◆ **EXERCISE PROMPT**
Output, exactly as written, the lines below starting at the line containing "Pertunjukan Kamera Web FelixStarkk" and ending at the line containing "used 2024 BMW 330 car, priced at $43,317". Drop the pictures and keep both end lines.

◆ **SUPPLIED RECORDS**
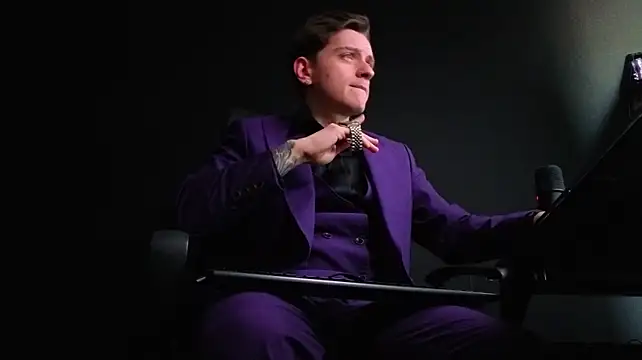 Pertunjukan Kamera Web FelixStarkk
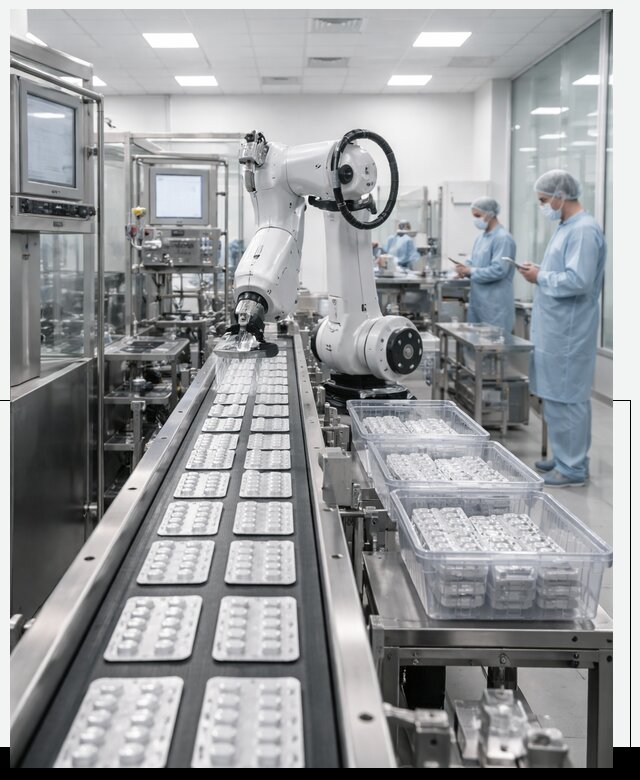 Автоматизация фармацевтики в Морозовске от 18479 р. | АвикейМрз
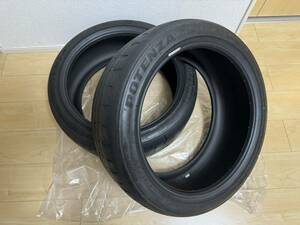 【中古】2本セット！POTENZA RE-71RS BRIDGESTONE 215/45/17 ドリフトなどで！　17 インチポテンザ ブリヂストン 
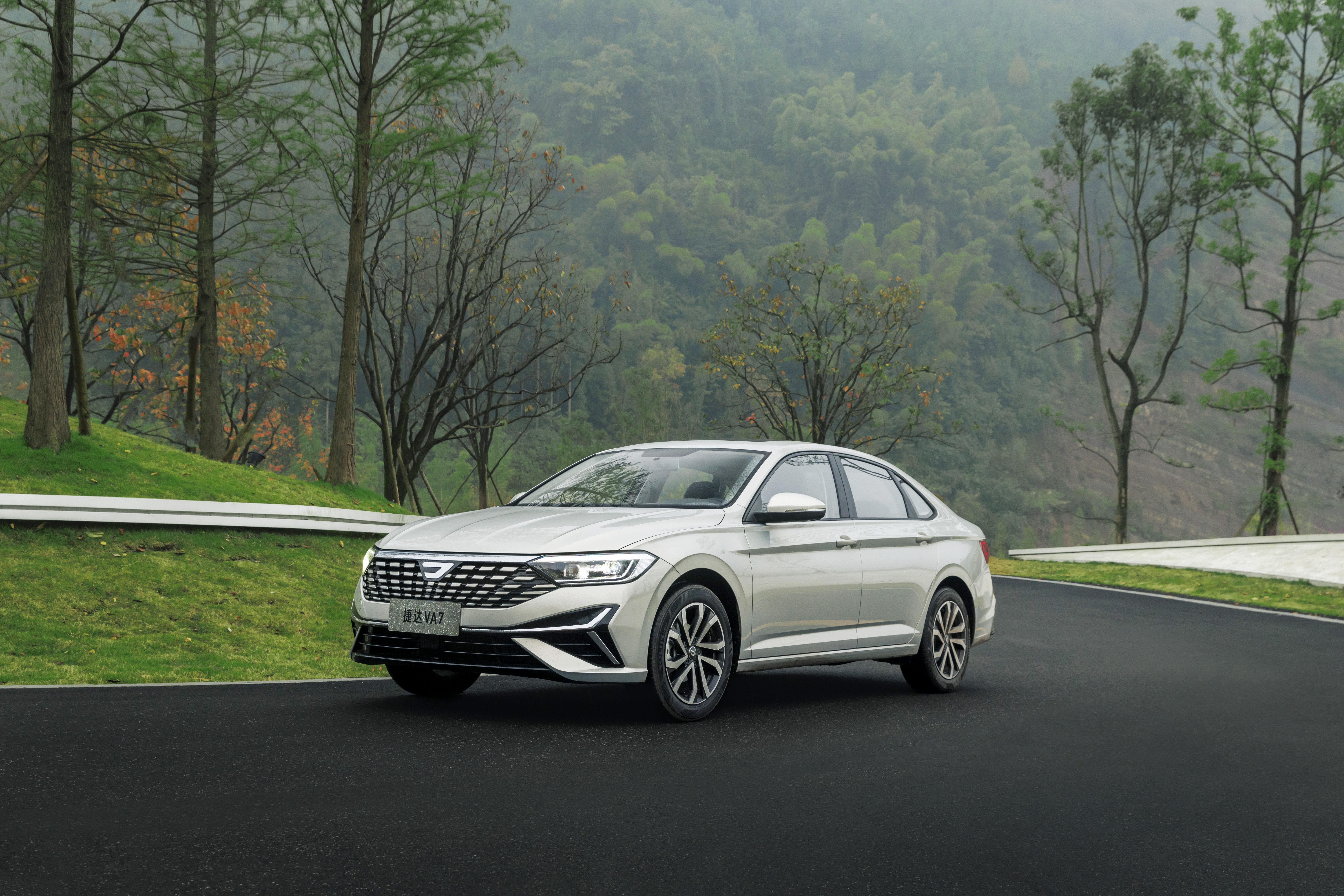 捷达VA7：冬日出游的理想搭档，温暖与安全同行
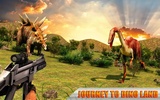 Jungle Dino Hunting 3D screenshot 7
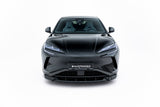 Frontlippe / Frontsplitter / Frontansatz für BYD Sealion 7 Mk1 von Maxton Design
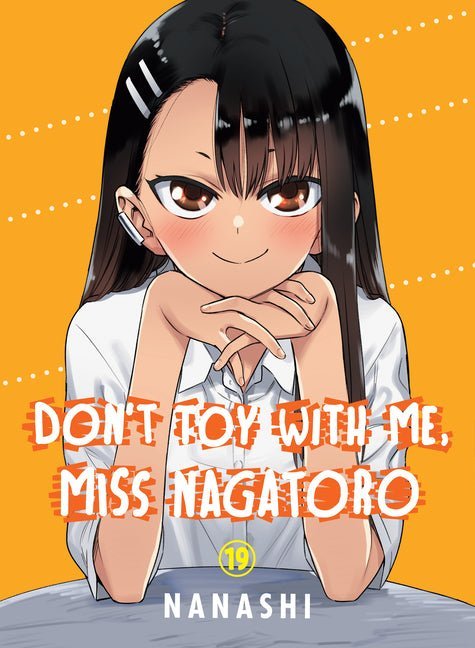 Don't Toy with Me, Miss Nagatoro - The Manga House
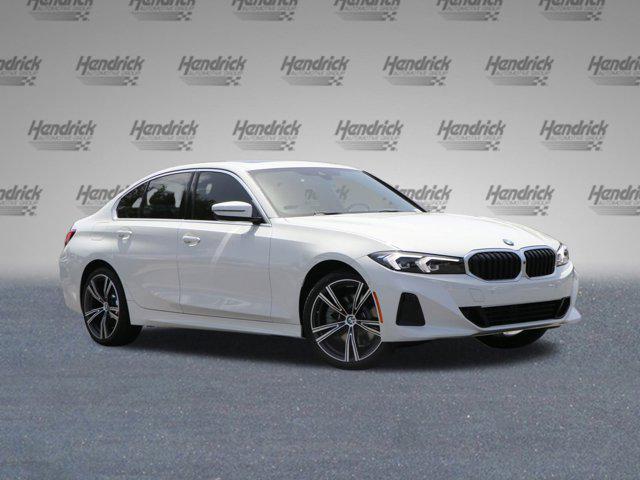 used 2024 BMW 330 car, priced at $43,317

--

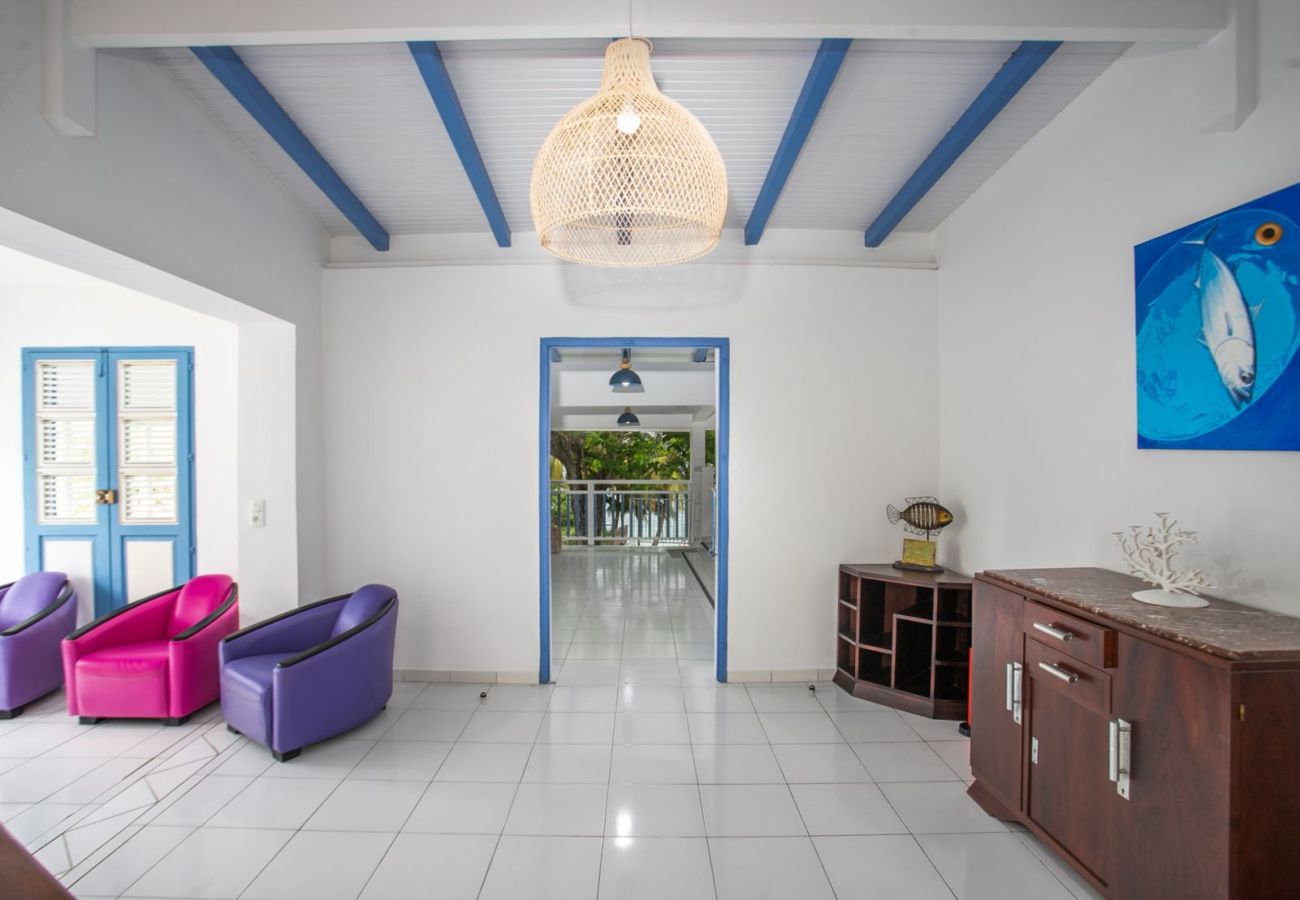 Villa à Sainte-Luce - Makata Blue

◆ **OUTPUT OF THE TASK**
 Pertunjukan Kamera Web FelixStarkk
 Автоматизация фармацевтики в Морозовске от 18479 р. | АвикейМрз
 【中古】2本セット！POTENZA RE-71RS BRIDGESTONE 215/45/17 ドリフトなどで！　17 インチポテンザ ブリヂストン 
 捷达VA7：冬日出游的理想搭档，温暖与安全同行
 Jungle Dino Hunting 3D screenshot 7
 Frontlippe / Frontsplitter / Frontansatz für BYD Sealion 7 Mk1 von Maxton Design
 Don't Toy with Me, Miss Nagatoro - The Manga House
 used 2024 BMW 330 car, priced at $43,317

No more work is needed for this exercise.